Abstract
Background:
The concept of reliability is central to conducting—and understanding—research in Psychology. Students’ understanding of concepts are strengthened when they learn by applying concepts.
Objective:
This article describes initial evidence of an activity for teaching reliability.
Method:
Students watched a short video of a staged bank robbery. They then tested the reliability of two different forms of police instructions for eyewitness recall. In so doing, they gained practice at calculating and interpreting inter-rater reliability and test-retest reliability.
Results:
Data collected from N = 191 students indicates that the exercise has a statistically significant positive effect on student understanding of and confidence about reliability concepts contributes to a roughly 20% increase in performance when comparing responses on pre- and post-exercise multiple choice questions.
Conclusion:
The activity gives students practice with the concept of reliability in a way that is engaging and memorable insofar as it demonstrates the implications of reliability for the real world.
Teaching Implications:
The activity is straightforward to implement and encourages students to learn by “doing.”
Reliability is a fundamental concept in research methodology. Broadly speaking, reliability refers to the extent to which something predictably repeats across time, across situations, and across and within individuals.

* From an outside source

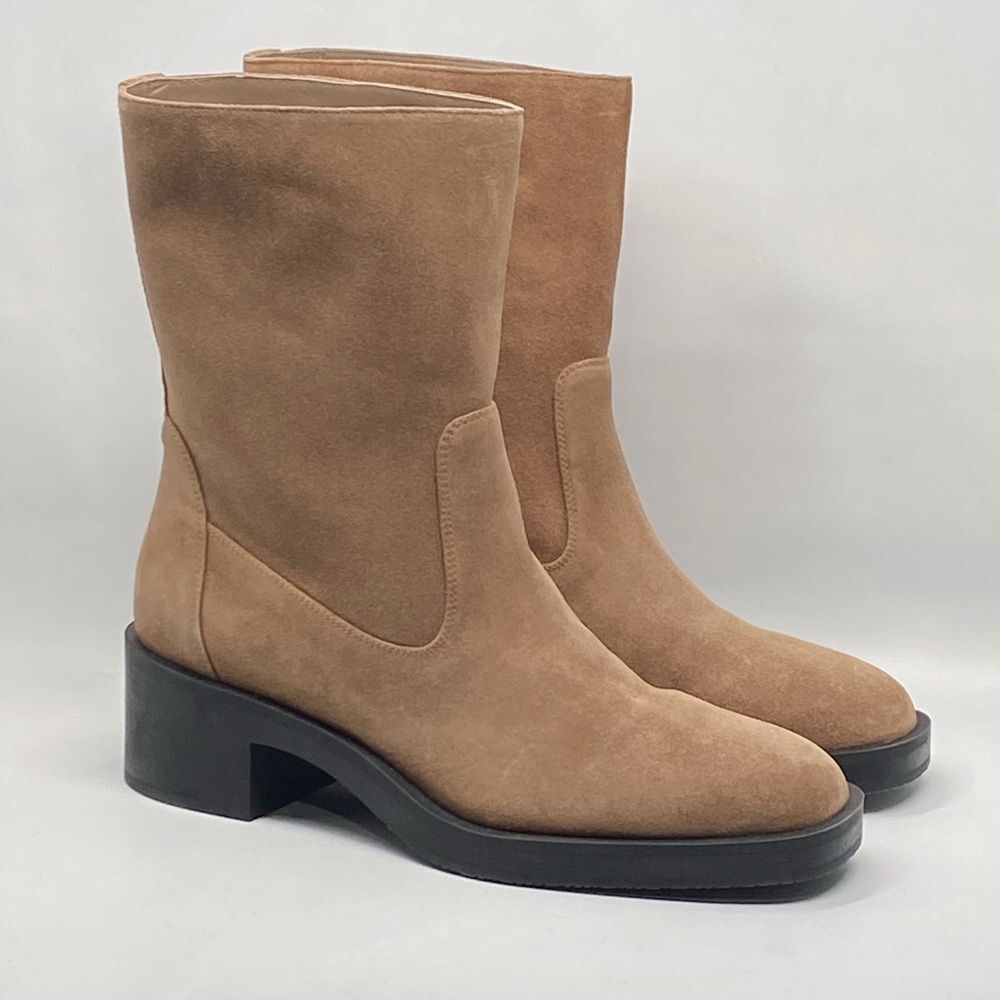 Stuart Weitzman Kaia 40MM Sport Suede Booties size 9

Reliability is especially important in psychology. We deal with humans, and humans vary in the way they think and feel and behave. Accordingly, when we attempt to measure or induce thoughts, feelings, and behaviors, there will always be natural variability and random error. Thus, a central question for researchers and students in psychology revolves around reliability: Are the methods and measures we are using capable of producing similar outcomes in different contexts, at different time points, between different people, and within the same person? The more confident we can be about a method or measure, the more confident we can be that our findings reflect a ‘truth’ about humanity.
Given the centrality of reliability in psychological research, educators have developed many and varied exercises for teaching the concept to undergraduate students. For example, students have learnt about reliability by engaging in behavioral observation of a mice colony (Herzog, 1988), developing personality scales (e.g., Camac & Camac, 1993; Miserandino, 2006), examining effects of position preference set on test responses (Buck, 1991), measuring vertical lines (Moore, 1981), unobtrusively observing strangers in public places (e.g., Wilson & Joye, 2017), and randomly generating sample sizes to examine effects on study outcomes (Strube, 1991).

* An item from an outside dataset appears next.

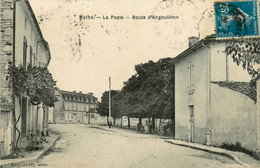 Matha * La Route D'angoulême * Vue Sur La Poste Ptt - Matha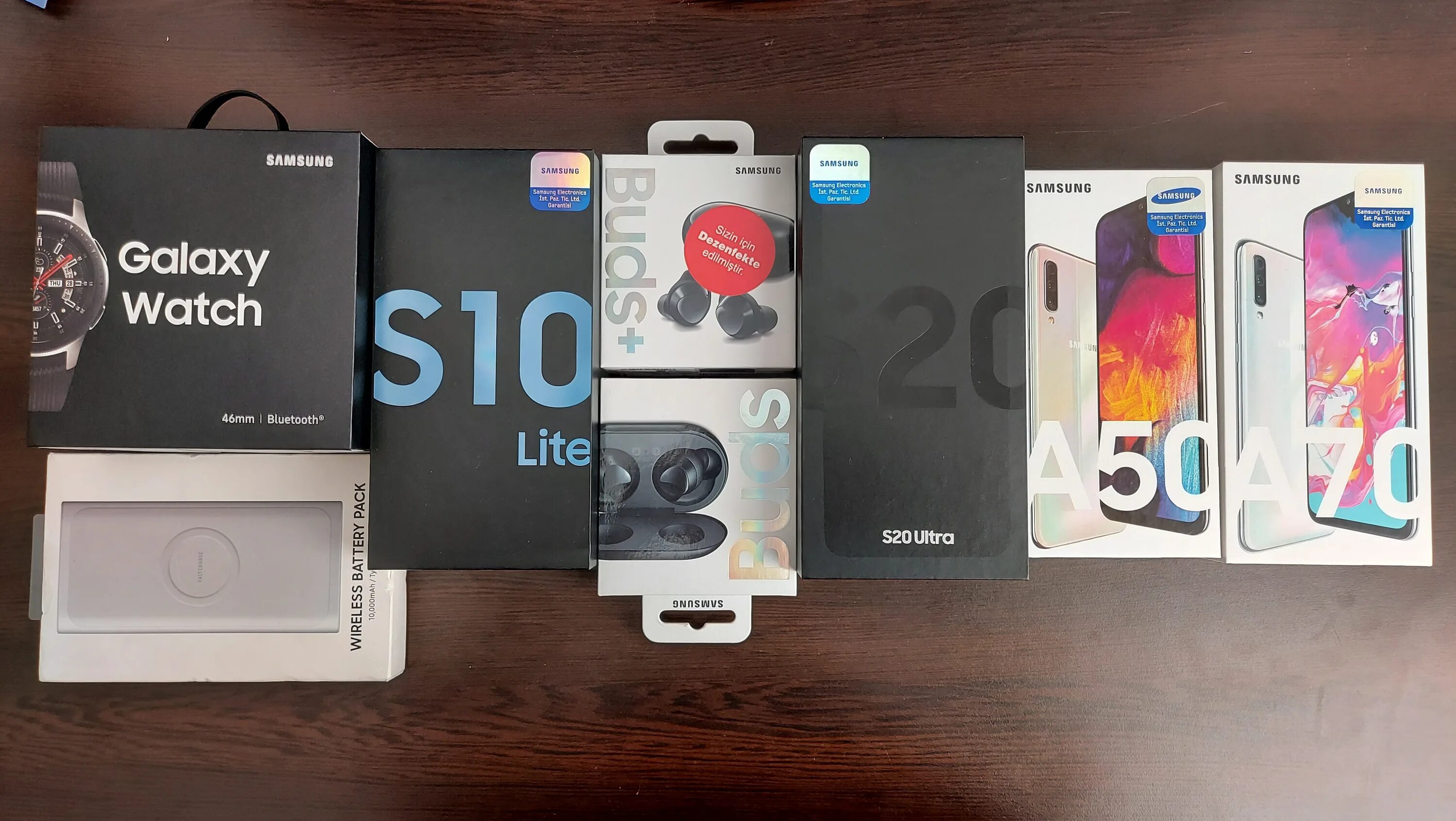 Samsung s20 fe обзор. Samsung galaxy s20 fe комплектация. samsung galaxy s20 комплектация. комплект samsung s20 fe. samsung galaxy s20 fe комплект.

This article describes a new exercise for teaching different aspects of reliability in a way that is highly engaging for students and easy for educators to adapt. The exercise draws upon several well-established pedagogical approaches. First—and as with the other exercises noted above—it is based upon the principles of active learning (e.g., Prince, 2004), which refers to learning by doing but also thinking about what one is doing when engaging in a task. Active learning has been shown to be more effective than passive learning, which is simply reading or hearing about a concept (for a meta-analysis of the effects of active over passive learning, see Freeman et al., 2014). Second, the exercise uses film as the teaching medium, and film has been shown to be an effective resource (e.g., Strelan, 2018) for its ability to bring the world into the classroom and its accessibility (e.g., Waller et al., 2013). Third, the exercise is rooted in a context which has salient real-world implications. There is evidence to suggest that deeper understanding of key concepts is more likely to eventuate when practical applications are highlighted (e.g., Brundiers et al., 2010).

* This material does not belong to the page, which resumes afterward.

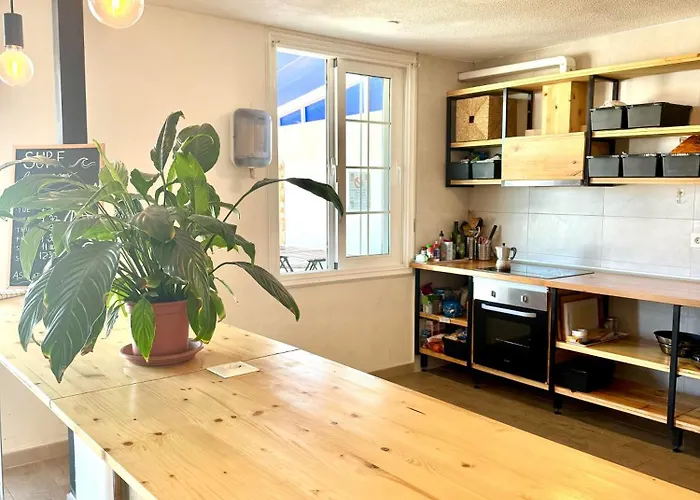 Hostal Endless Summer House (adults Only)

The Exercise: Eyewitness Recall of a Bank Robbery
The exercise is designed to be used in tutorials but could easily be adapted to a lecture theater setting. The exercise presumes that students have already been introduced to fundamental concepts relating to reliability. Nonetheless, it would be useful for the instructor to remind students of definitions of different types of reliability at the beginning of the session and throughout where appropriate. Because reliability and validity are closely entwined, it would be prudent to remind students of the differences between these two concepts but emphasize that the focus in the present exercise is on reliability. Because the exercise features a video of a simulated bank robbery, the instructor should also provide a trigger warning prior to the class.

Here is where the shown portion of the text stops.